One of the most inspiring things we saw on Easter was watching one of our new members come early and throughout the week, revamping our audio system to make sure the music sounded as good as it could. Then he was up in front, directing our high school brass quintet and jumping over to conduct the choir as needed.
His energy has been contagious I think throughout this place, and he does it all without fanfare, as though he feels God calling him to this place at this time, and now he is here and he is all in.
St. Philip is an "all-in" church. At my previous congregations, we had a lot of folks who would consider us their home church, but only attend really sporadically on Christmas, Easter, and a few other Sundays.
Here, we had over 60 people here for Good Friday, 74 for Palm Sunday, and 110 for Easter. That's not a huge change -- and what it says to me is that when people decide to be a member at St. Philip: today or 45 years ago - they make a commitment. They're here not just for the Easter service but for breakfast and for Bible Study and for the Sunday after Easter. This committed core is what has sustained the church and what will continue to sustain us as we grow and seek God's new direction.

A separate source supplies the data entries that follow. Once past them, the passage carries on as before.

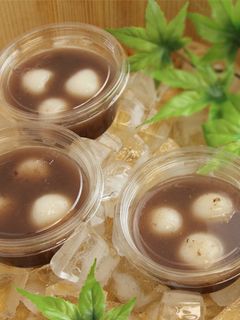 あずき缶で簡単冷やしぜんざい【天狗缶詰】-レシピのメイン写真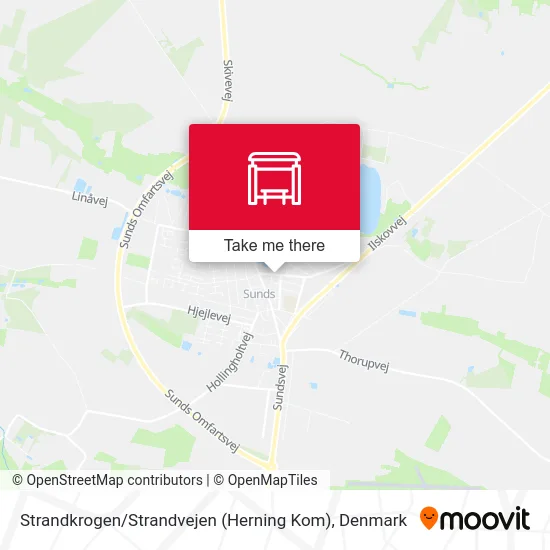Strandkrogen / Strandvejen (Herning Kom) map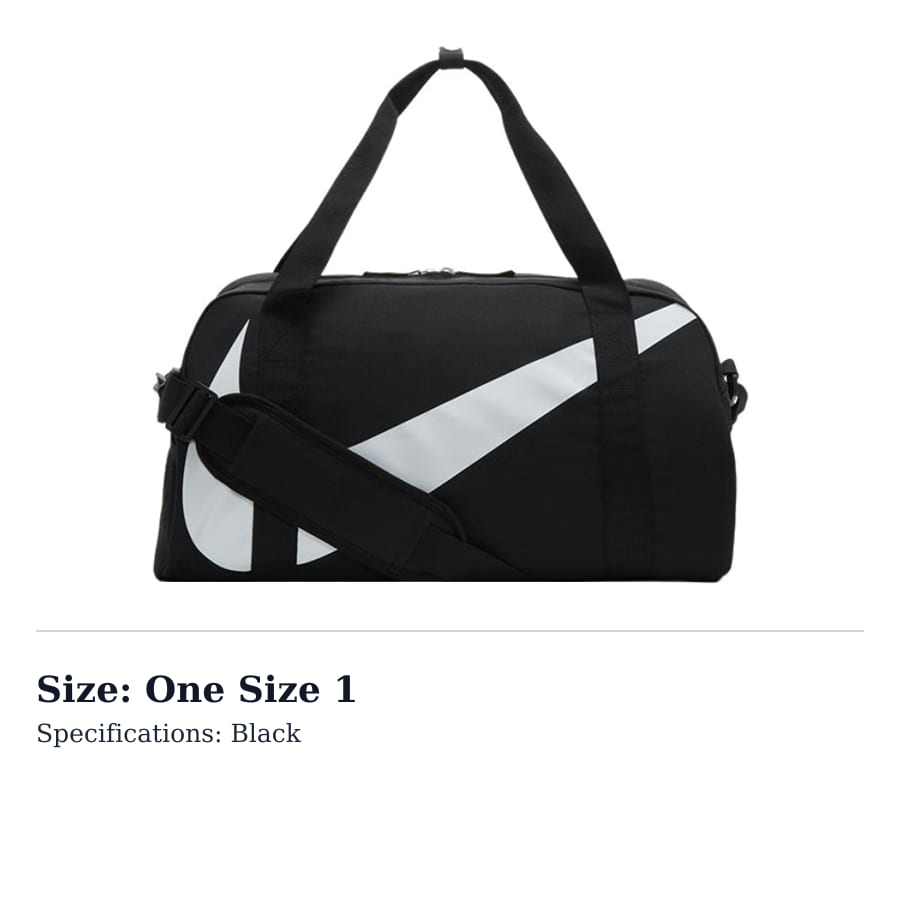 Nike Fabric Luggage Bag Gym Bag Unisex Black DR6100-010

St. Philip has another big change this week. Today is our parish administrator, Tricia's, last day. Tricia started here in January, but her husband Alan, was recently offered a great job in Austin, Texas, and they're moving next week. The move will also hopefully help Tricia's health, as she suffers from a health condition that is exacerbated by cold weather, which we have plenty of in Chicago.
In her short three months here, Tricia has been a blessing to me and to the church. We spent lots of time in the back office, talking and organizing, and she has laid a great foundation of organization and new processes for church administration.
She was invested not just for her paycheck but because she truly cared about St. Philip and the mission of Jesus Christ that is lived out here.
When she told me in March that this move might be a possibility, I was sad. She had been such a great partner for me as we implemented a new church website, social media, and continued work on bulletins, newsletters, worship slideshows.
That evening, I shared this potential news in confidence with two of our executive council members, one of whom had previously worked in church administration. She surprised me by saying she would be interested in the job.
A few weeks later, when Tricia officially gave her notice, I went and met with this executive council member, and we prayed together, and she again said she thought she'd like to do the job.
That evening, she received her work permit for the United States, as she is a British citizen.
Neither of us could believe God's timing, and today, on Tricia's last day, we talked again about the ways God has worked to provide our needs each season.
God provided Tricia to St. Philip for an important season of growth and establishing new media and organization. He provided Tricia to me as a friend and a valued partner for the church. She even babysat Jake for us with her husband. I will miss her, but I know we'll continue to stay in touch via Facebook and texting -- as we did frequently throughout her time here -- and I know God has fantastic plans for Tricia and her husband in Texas.
God's plans and God's timing are always astounding and unbelievable. God took my fear and anxiety over Tricia's departure and turned it into hope and joy over the potential for a new relationship and job for a person who has been a church volunteer and leader already for many years.
God also opened me to a new relationship with this new staff member, as our friendship grows and God works between us to continue showing His plans for our church.
So it has been a full week. But God is good. All the time. God is good - through death and resurrection in our lives as well as on the Cross, on Easter and the Sunday after Easter.